Question 139046: T F 1. One of the objectives of simple linear regression is to predict the value of the independent variable X as a linear function of the dependent variable Y.
T F 2. Regression analysis is limited to establishing a relationship between two variables, X and Y.
T F 3. If a deterministic relationship exists between two variables, x and y, any value of x that is selected will determine a unique value of y.
T F 4. When trying to uncover relationships between variables, the recommended practice is to construct a scatter plot first before conducting a statistical analysis.
T F 10. Whenever regression analysis is used to predict values of Y that are within the range of the X data, the process is known as interpolation.
T F 11. Extrapolation is most advisable if it is difficult to predict what the data relationship actually is beyond the range of the existing observations.
T F 12. Residuals can be computed by taking the difference between observed and predicted values of Y and squaring them to eliminate negative numbers.
T F 13. The sum of the residuals that surround a regression line will always be greater than or equal to zero.
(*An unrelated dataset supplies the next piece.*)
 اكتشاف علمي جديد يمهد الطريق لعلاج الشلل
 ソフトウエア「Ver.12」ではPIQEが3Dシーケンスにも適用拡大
T F 14. The stronger the relationship between X and Y, the closer the plotted points will be to the regression line.
T F 15. If two variables are highly correlated, the correlation coefficient will be at or near zero.
T F 16. The power of regression analysis is best illustrated by the fact that the presence of outliers has practically no impact on the values of the coefficients or their standard deviations.
Please indicate why the answer if FALSE> Thanks.
Answer by stanbon(75887) (Show Source):
You can put this solution on YOUR website! T F 1. One of the objectives of simple linear regression is to predict the value of the independent variable X as a linear function of the dependent variable Y.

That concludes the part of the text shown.